Workspace: Crew Collective & Cafe

August 23, 2016

Montréal-based Crew (who are also behind Unsplash) set up their co-working space Crew Collective & Café to be what they describe as an ‘adult creative centre’ in one of the city’s grandest buildings. We speak to Crew's COO Stephanie Liverani.


What’s the history of the building?

Our space is located on the main floor of a building that was built in 1928 as the headquarters for the largest bank in Canada, Royal Bank of Canada, located on Saint Jacques Street. Upon completion, with ceilings over 50-feet and at 12,000 sq. ft, it was the tallest building in the entire British Empire and the tallest structure in all of Canada. When we first walked into the space, it was so grand we didn’t even think it was possible to rent it.

Did much work need doing to it before it opened its doors as a co-working space?

There was quite a bit of work to be done. When the Royal Bank of Canada left in 2012, they left a lot of their equipment behind, and the feel of their design didn’t match our aesthetic.

Seeing as the building is considered a historical one, there were quite a few construction restrictions, but thankfully we were still able to transform the space. There was quite a bit of engineering and mechanical work done in order to make the building more modern (for example drilling dozens of holes into the marble floor so we could install floor outlets and run electricity). We also redid the flooring by adding wood panelling, and transformed the space, using brass as the main material, to create meeting rooms and quiet bunks.

Is there a typical kind of person who works there?  

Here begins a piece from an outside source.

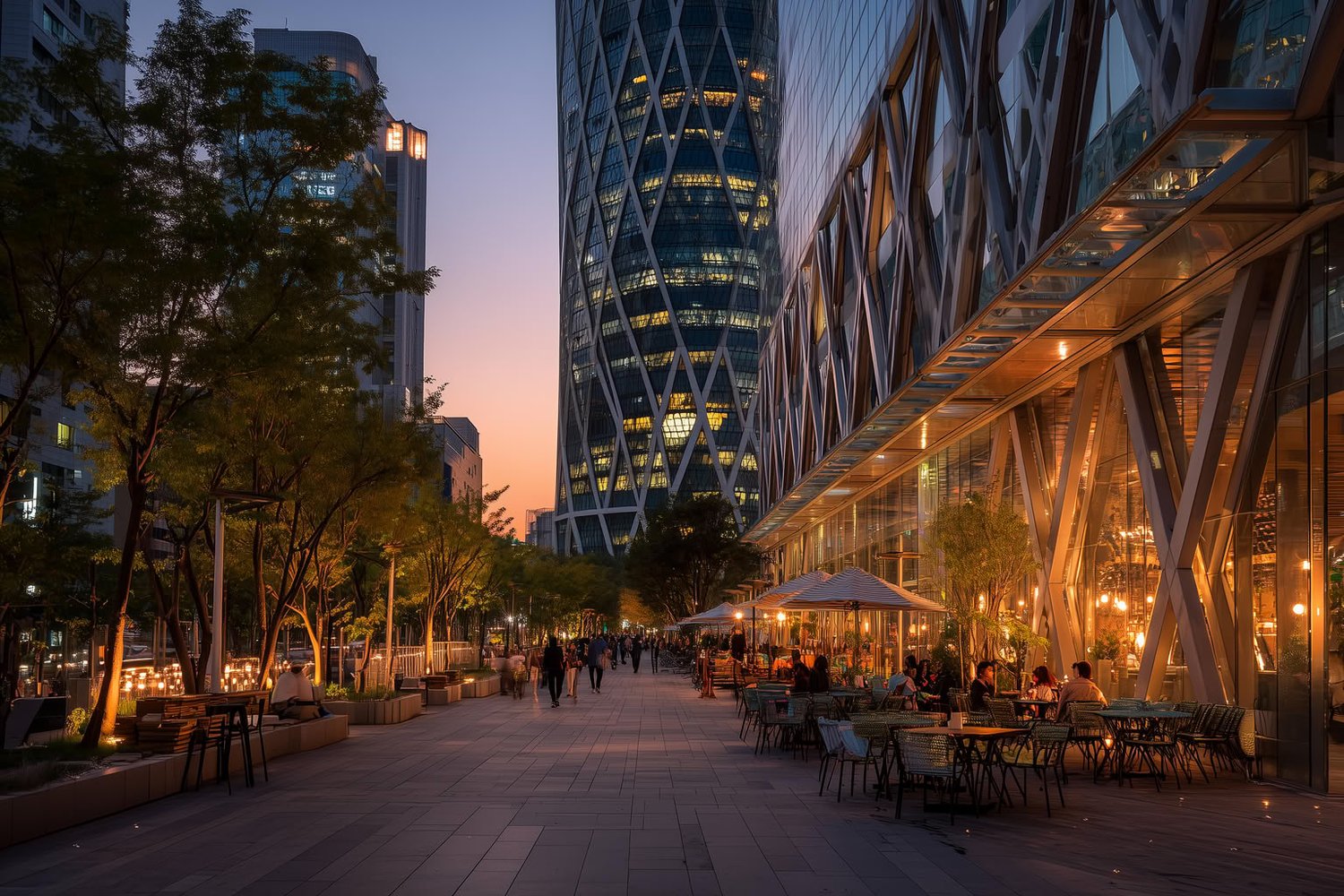 Modern urban promenade at dusk with illuminated high-rises and outdoor dining.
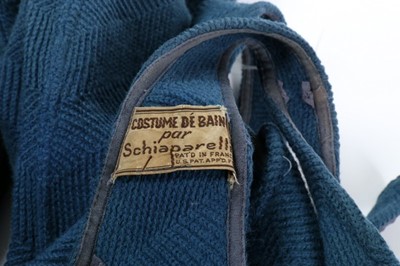 Lot 76 - A rare Schiaparelli knitted blue wool swimsuit,...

There’s a unique mix of people who work from the Crew Collective & Cafe. With high quality free Wi-Fi, private booths, and plugs at every table, many freelancers, traveling professionals, and young companies work here regularly; the most common fields being design, tech, architecture, finance and fashion.

What’s the community spirit like at Crew Collective? 

When we first thought about opening this space to represent our online community, Crew, we thought: “What would Crew look like if it was a physical space?” We treat our community as if they’re part of our team, so we felt our office space should be the same: open to the community, just like our online site.

Our aim was to create a space that was optimal for doing great work and fueling your creative energy. The spirit of the space definitely echoes this. Every time I walk in, I feel an energy that makes me want to create something great.

We have Collective members working on so many amazing projects, from app makers to interior designers to artificial intelligence engineers. Being in the same physical space, you naturally bump into people and share stories in a way that supports each other. We host private events on topics like legal, raising investment, and product development, along with members-only private events like our game night.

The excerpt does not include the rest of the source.